This is a list of the main association football rivalries in Belgium.

National rivalries
 The Clasico: Anderlecht vs. Standard Liège
 The Topper: R.S.C. Anderlecht–Club Brugge KV rivalry: Anderlecht vs. Club Brugge.
 The Battle of Flanders: Club Brugge vs. Gent. Named after the Battle of Flanders, a name given to several historic actual battles fought in the region, during World War I.
 The Walloon derby: Standard Liège vs. Charleroi Note that despite being called a derby, these cities are over 80km apart and Liège is for instance much closer to Brussels than to Charleroi. With Charleroi and Liège being two of the most important cities in Wallonia however, this rivalry has received a specific name as The Walloon derby.

City derbies
 Antwerp derby, match to determine the Ploeg van 't Stad: mainly between Antwerp and Beerschot. Berchem Sport also has a rich history and featured a lot in the Antwerp derby, but is currently playing in the lower divisions.
 Bruges derby: Club Brugge vs. Cercle Brugge .
 Brussels derby: RWDM Brussels vs. Anderlecht vs. Union SG. The derby between RWDM and Union SG is called the "Zwanze derby".
 Charleroi derby: Olympic Charleroi vs. Sporting Charleroi.
 Ghent derby:  AA Gent vs. Racing Gent.
 Liège derby: RFC Liège vs. Standard Liège
 Lier derby: Lierse vs. Lyra
 Mechelen derby: KV Mechelen vs. Racing Mechelen

Regional derbies
 Wallonia derby: Standard de Liege vs. Royal Charleroi

 Liege derby: Standard de Liege vs. Seraing
Limburg derby: Genk vs. Sint-Truiden
East Flanders Derbies: 
Gent vs. Lokeren-Temse
Waasland Derby: original a derby between KSK Beveren vs. Sporting Lokeren. After the bankruptcy of both clubs, it continued under the following clubs Lokeren-Temse vs. Waasland-Beveren or YB SK Beveren
South West Flanders derby: Zulte-Waregem vs. Kortrijk.
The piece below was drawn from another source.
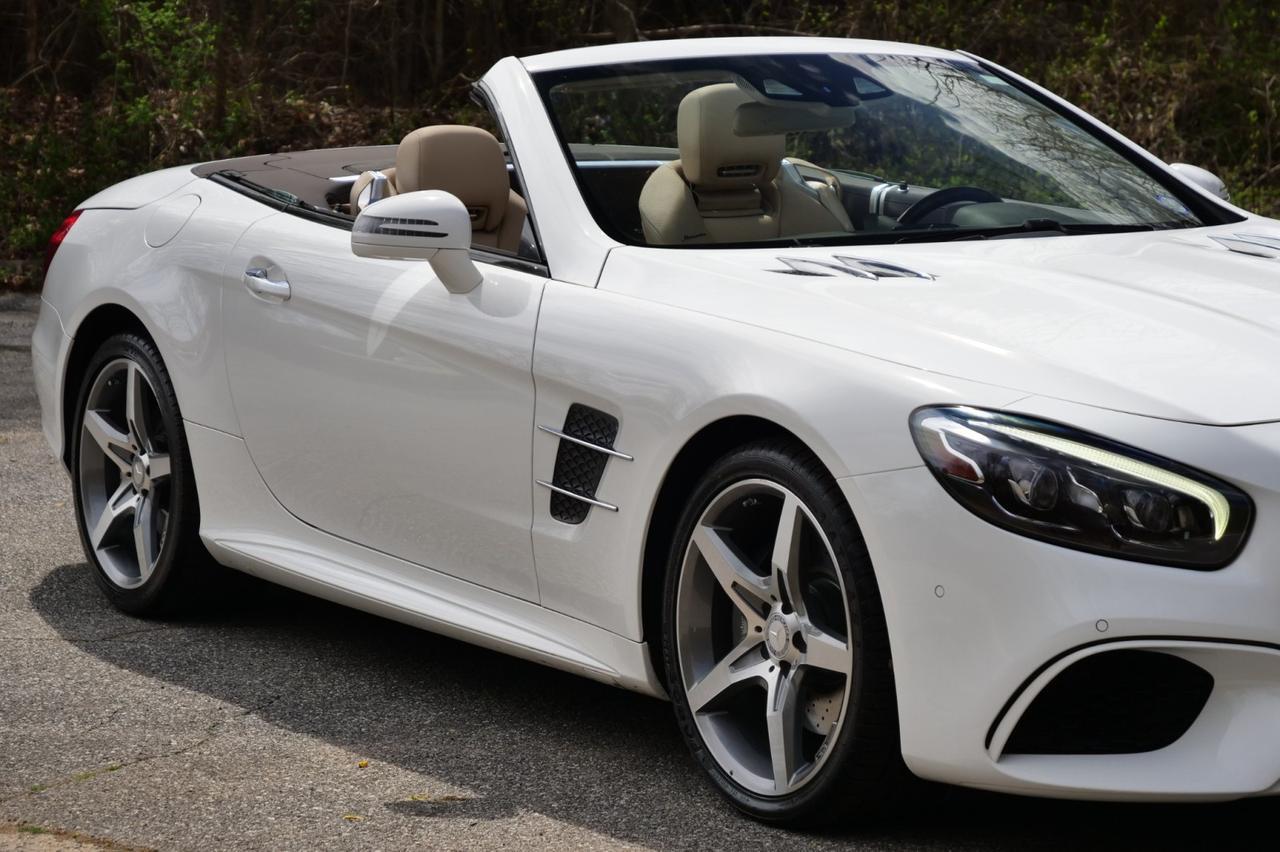 2017 Mercedes-Benz SL 550 Roadster / 4.7L V8 / Massage Seats / Assistance Package! Lincolnton NC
Used to include Roeselare as well, until it defaulted in 2020. While not in West Flanders but just over the border to Hainaut, Mouscron could also be included due to its very close proximity, especially towards Kortrijk (15 km).
Antwerp Province derby: Lierse Kempenzonen vs. KV Mechelen
Denderstreek derby: Dender vs. Eendracht Aalst
East of Flemish Brabant derby: OH Leuven vs. Tienen.